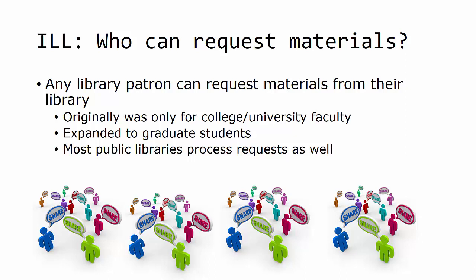Graduate students were added to the list because their research needs to be comprehensive, and access to all materials on their topic is important. Eventually, public libraries opened this service to anyone wanting materials for any reason, including research and recreational reading.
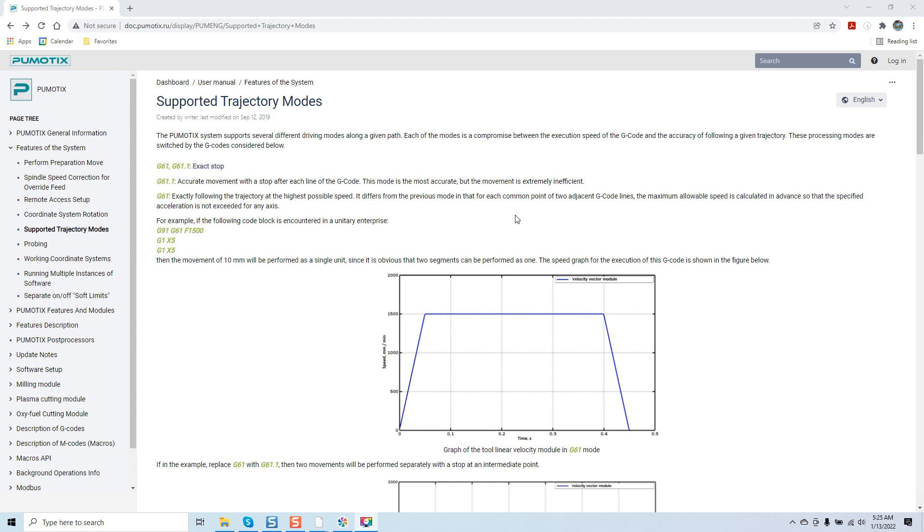So once again, we're stepping it up a bit. We're not going to stop after each line of code. We're just going to continuously go through. But it's an exact mode and you're going to be following that exact mode to actually machine out whatever G-code you place within the software.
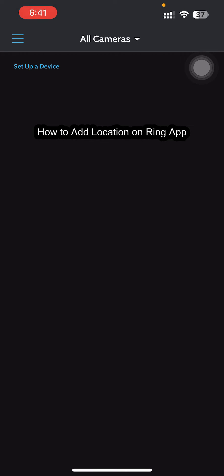Hey guys, welcome back to our channel How to Guide. Today in this video I'm going to show you how you can add location on Ring app. So let's get started.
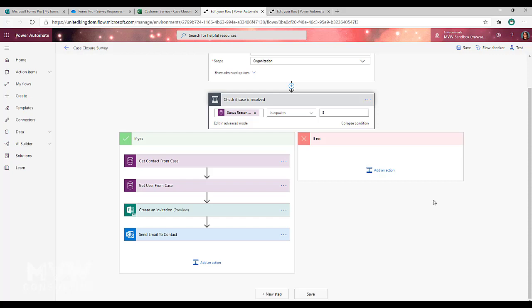Now for my example, on my variables, I have the case title, the case number or the case ID. Then I also have the owner's name and the owner's first name.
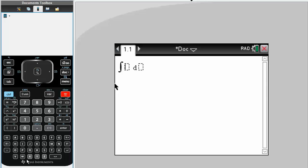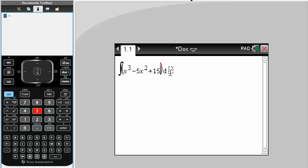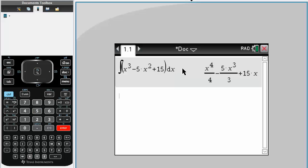Then we write x cubed minus 5x squared plus 15, and in terms of dx, simply hit enter.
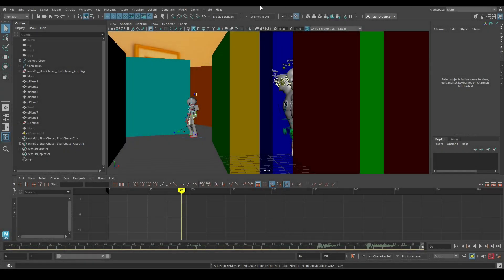Welcome everyone on the internet, my name is Tyler and today I'm going to show you guys how to make your Playblast files just a little bit smaller.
--------
[Aim of the exercise]:
Begin with the first line of the entries above and write out each line exactly, ending with the line containing "Then we write". Leave out pictures.

[Output for this exercise]:
Graduate students were added to the list because their research needs to be comprehensive, and access to all materials on their topic is important. Eventually, public libraries opened this service to anyone wanting materials for any reason, including research and recreational reading.
So once again, we're stepping it up a bit. We're not going to stop after each line of code. We're just going to continuously go through. But it's an exact mode and you're going to be following that exact mode to actually machine out whatever G-code you place within the software.
Hey guys, welcome back to our channel How to Guide. Today in this video I'm going to show you how you can add location on Ring app. So let's get started.
Now for my example, on my variables, I have the case title, the case number or the case ID. Then I also have the owner's name and the owner's first name.
Then we write x cubed minus 5x squared plus 15, and in terms of dx, simply hit enter.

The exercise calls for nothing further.